> **About this exercise**
I would like the lines below, from the one with "CYLINDRE pour Honda SCOOPY 110 URBAN 2024" through the one with "Issey Miyake (Qq).", copied exactly and without any pictures.

##### Data for the task #####

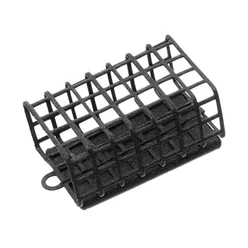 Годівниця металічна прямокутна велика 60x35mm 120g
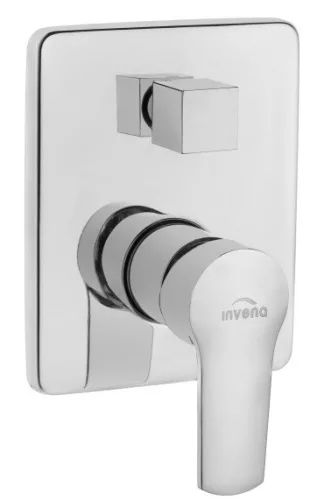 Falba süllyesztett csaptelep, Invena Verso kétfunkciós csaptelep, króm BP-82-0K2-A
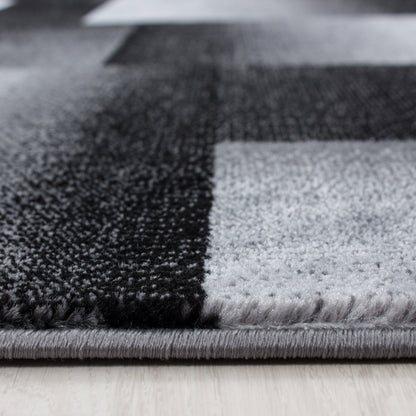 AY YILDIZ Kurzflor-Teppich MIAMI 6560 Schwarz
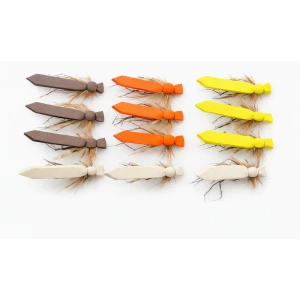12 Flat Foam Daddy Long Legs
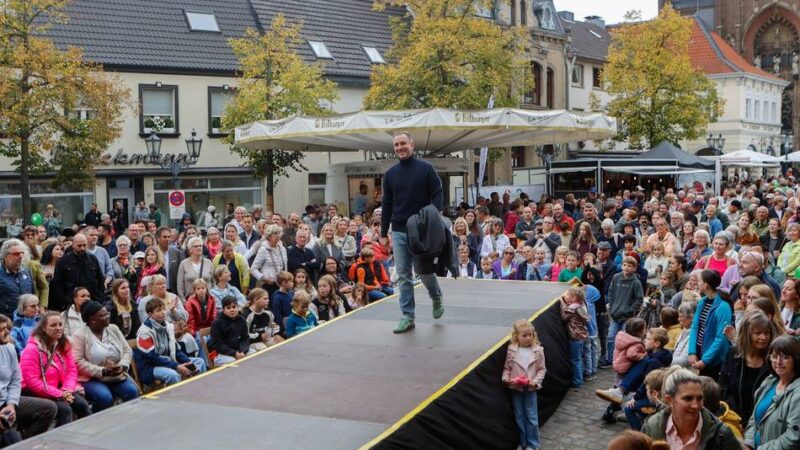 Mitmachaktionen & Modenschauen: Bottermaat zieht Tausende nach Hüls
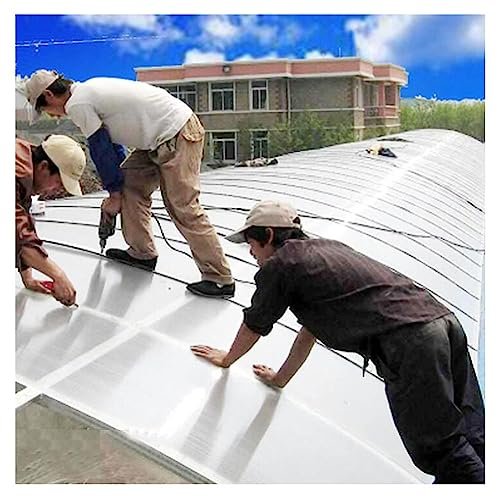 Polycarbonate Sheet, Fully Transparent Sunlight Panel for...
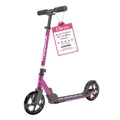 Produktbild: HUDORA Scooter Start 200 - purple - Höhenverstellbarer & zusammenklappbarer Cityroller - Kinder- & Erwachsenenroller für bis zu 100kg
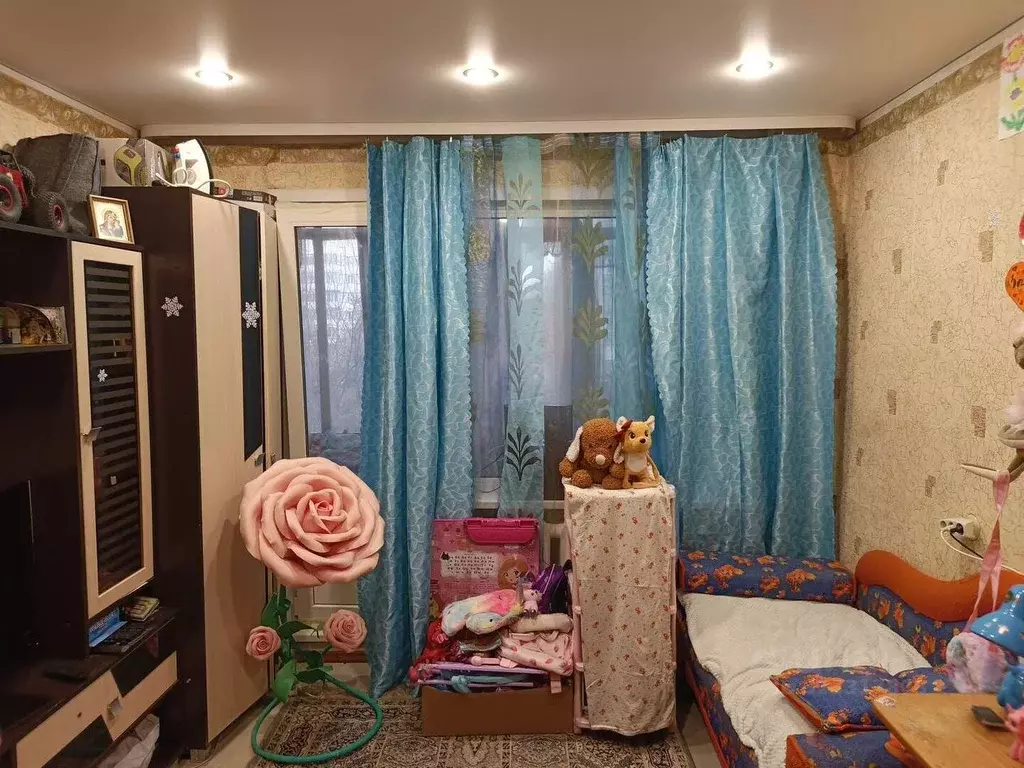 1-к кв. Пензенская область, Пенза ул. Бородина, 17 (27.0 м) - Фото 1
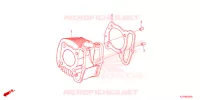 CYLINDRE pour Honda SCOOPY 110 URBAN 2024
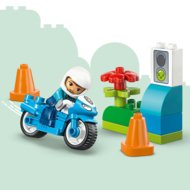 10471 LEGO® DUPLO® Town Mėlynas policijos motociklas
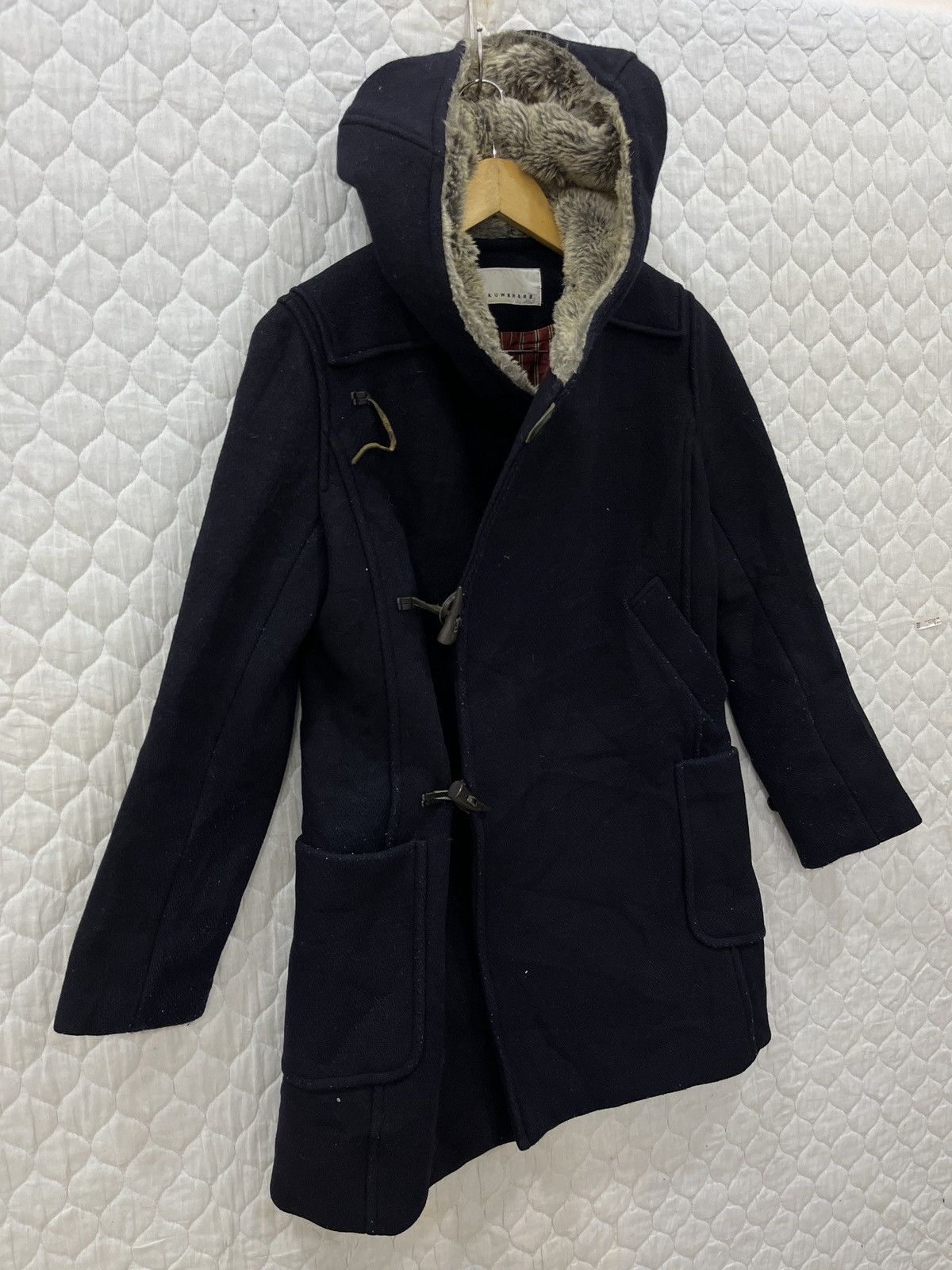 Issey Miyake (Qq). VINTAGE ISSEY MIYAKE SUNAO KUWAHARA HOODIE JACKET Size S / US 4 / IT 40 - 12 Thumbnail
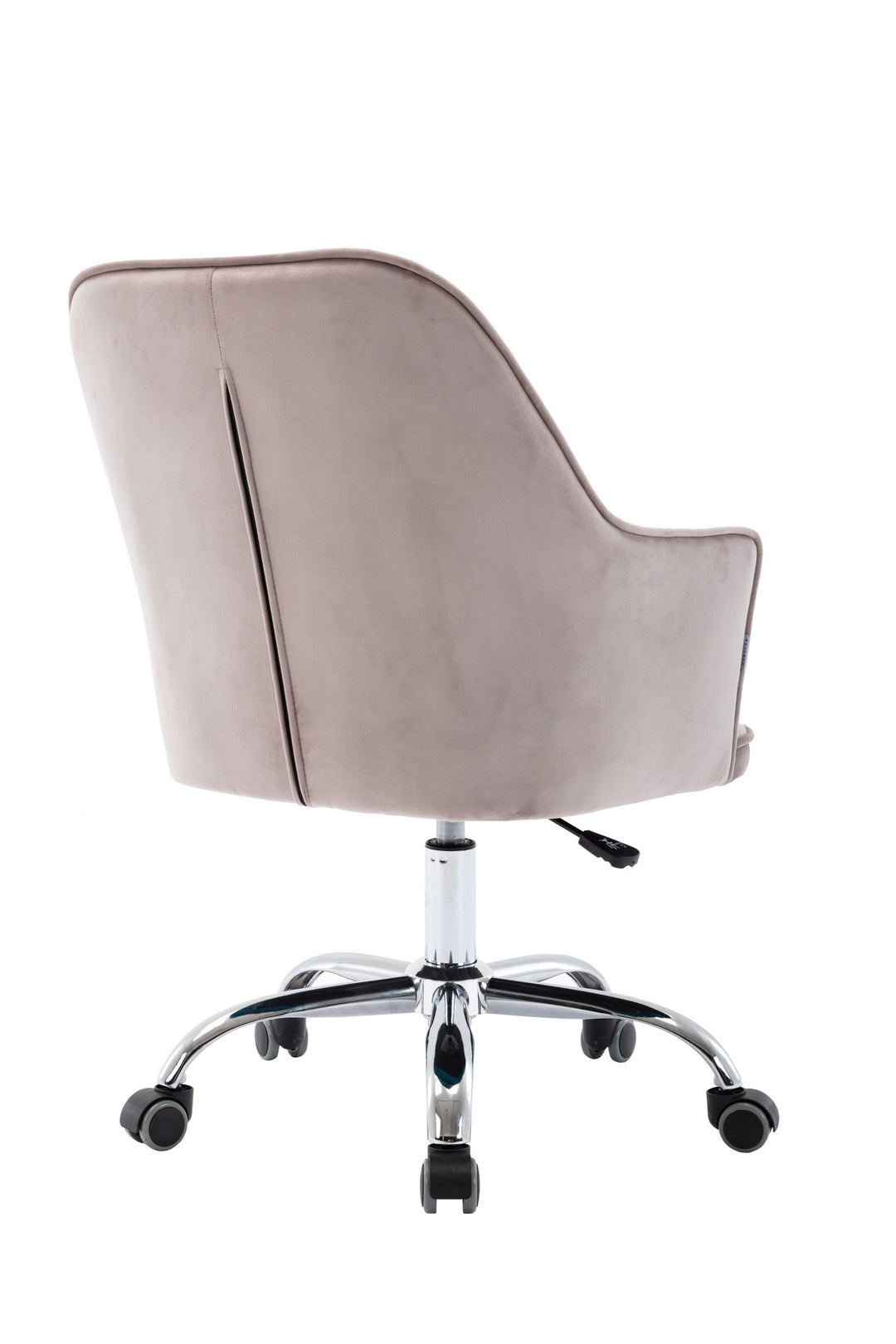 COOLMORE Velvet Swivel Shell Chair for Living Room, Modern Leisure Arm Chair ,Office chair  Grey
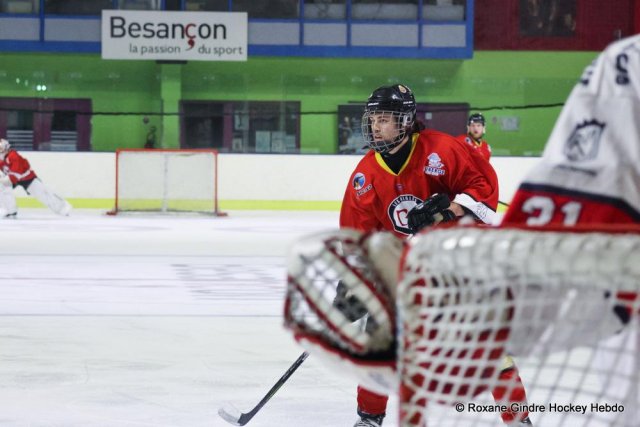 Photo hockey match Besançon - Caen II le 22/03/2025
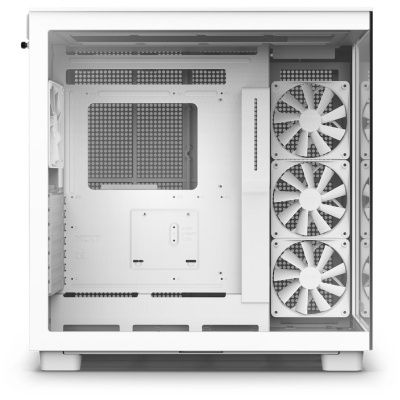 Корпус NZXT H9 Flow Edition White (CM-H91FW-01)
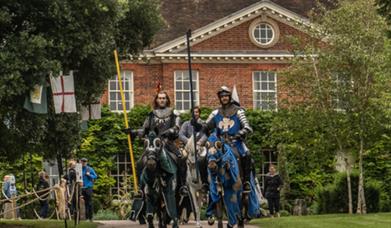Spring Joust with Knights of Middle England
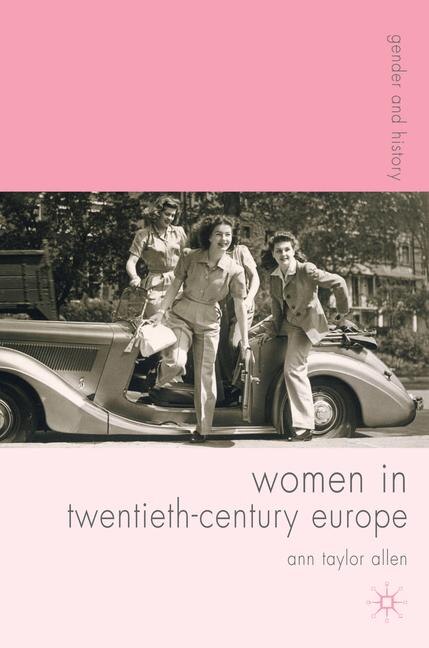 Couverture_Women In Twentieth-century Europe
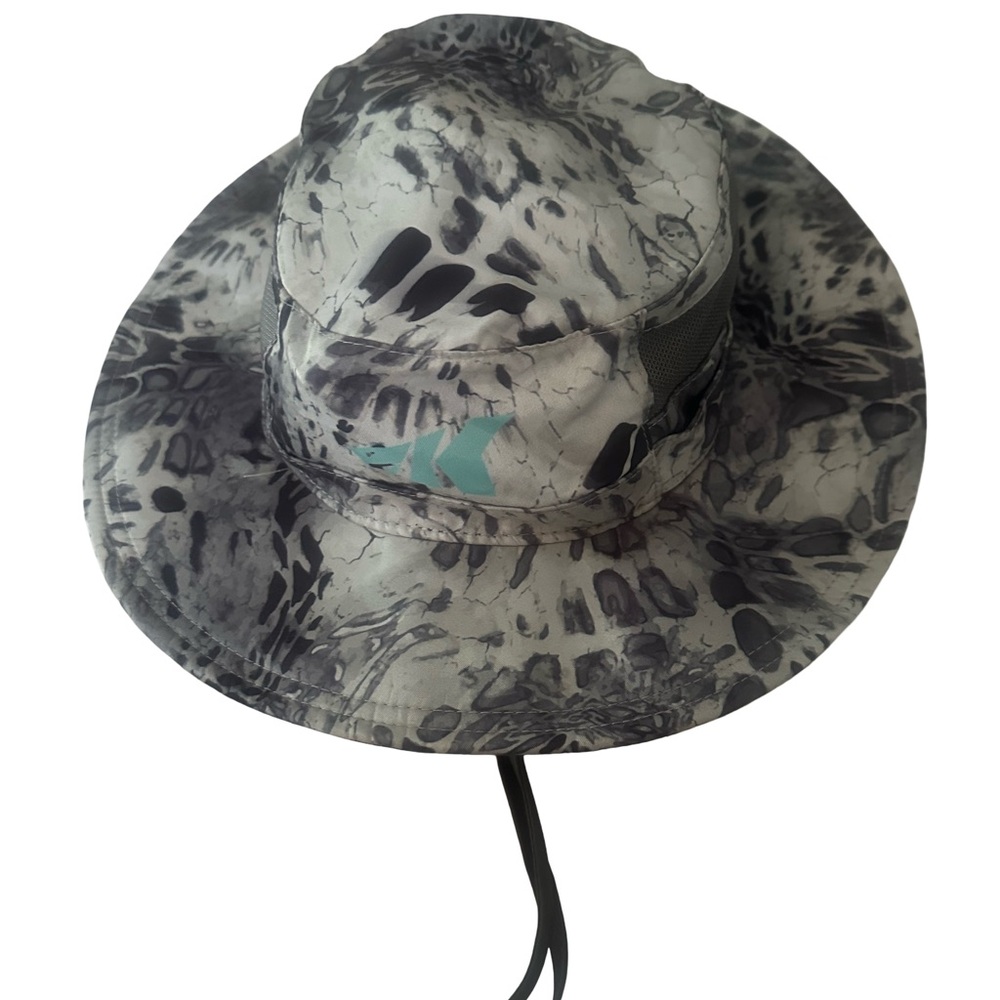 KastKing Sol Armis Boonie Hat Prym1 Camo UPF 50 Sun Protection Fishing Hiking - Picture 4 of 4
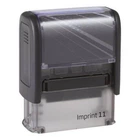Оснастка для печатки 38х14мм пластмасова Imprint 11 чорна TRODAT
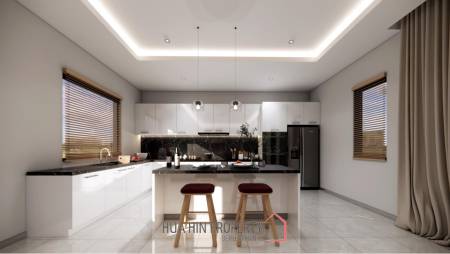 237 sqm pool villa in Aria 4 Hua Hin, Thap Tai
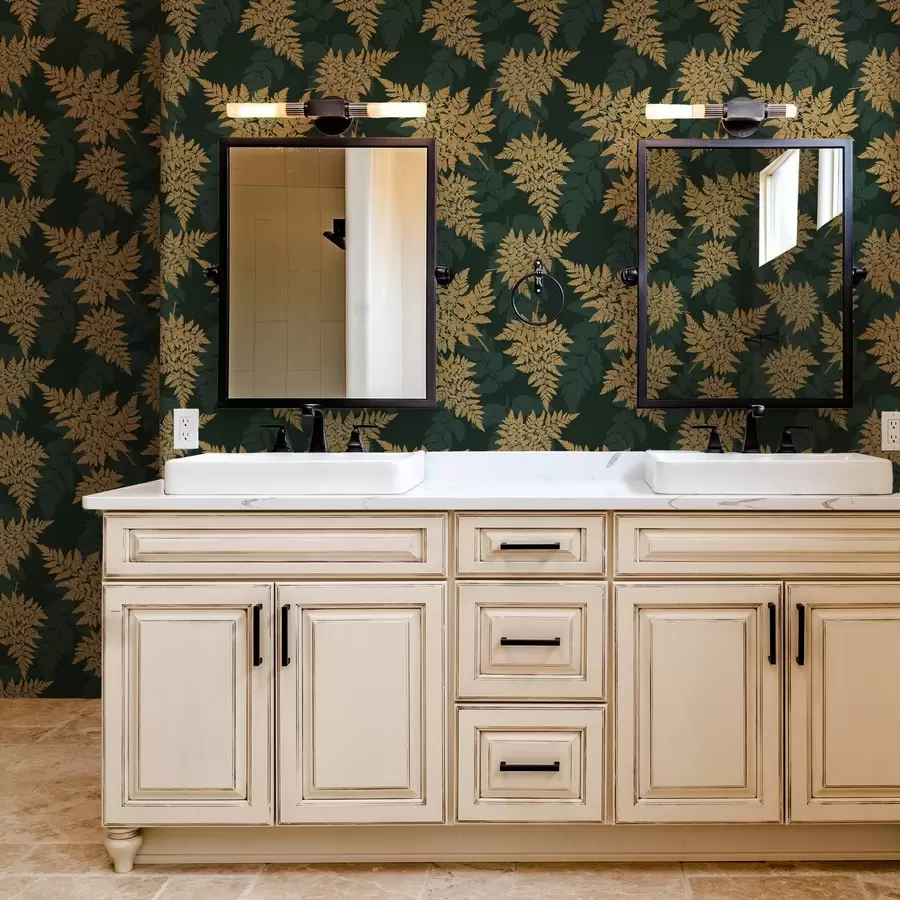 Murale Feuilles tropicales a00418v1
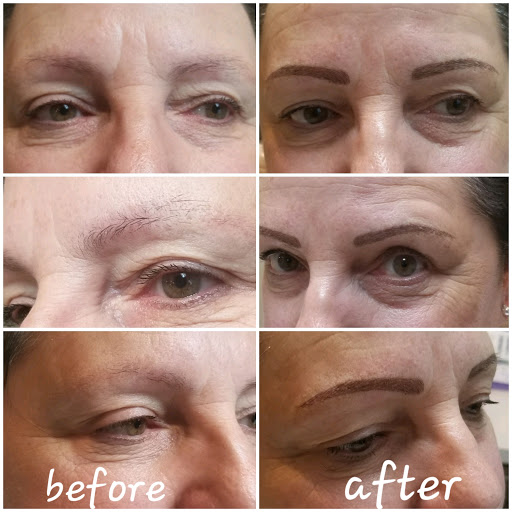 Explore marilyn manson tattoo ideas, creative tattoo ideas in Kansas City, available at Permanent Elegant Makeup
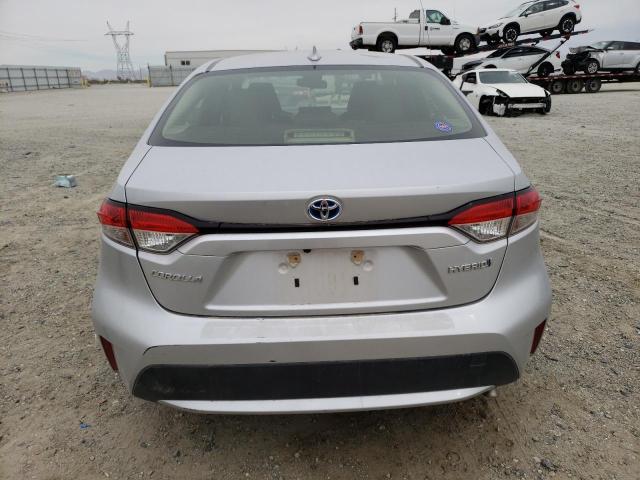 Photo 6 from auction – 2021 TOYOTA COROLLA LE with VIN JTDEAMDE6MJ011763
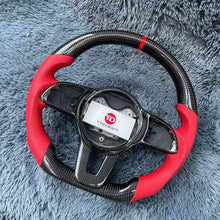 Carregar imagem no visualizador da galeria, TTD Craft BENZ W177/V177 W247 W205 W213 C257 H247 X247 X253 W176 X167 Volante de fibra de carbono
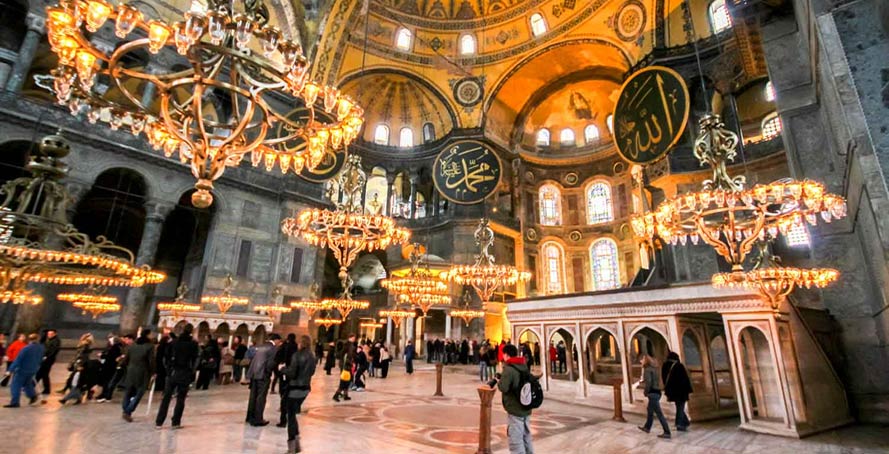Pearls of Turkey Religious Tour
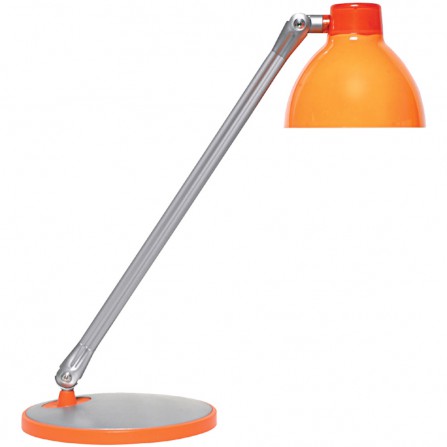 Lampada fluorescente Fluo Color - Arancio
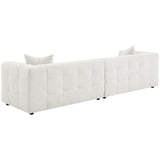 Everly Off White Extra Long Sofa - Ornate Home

#####

> **Reply**
 CYLINDRE pour Honda SCOOPY 110 URBAN 2024
 10471 LEGO® DUPLO® Town Mėlynas policijos motociklas
 Issey Miyake (Qq). VINTAGE ISSEY MIYAKE SUNAO KUWAHARA HOODIE JACKET Size S / US 4 / IT 40 - 12 Thumbnail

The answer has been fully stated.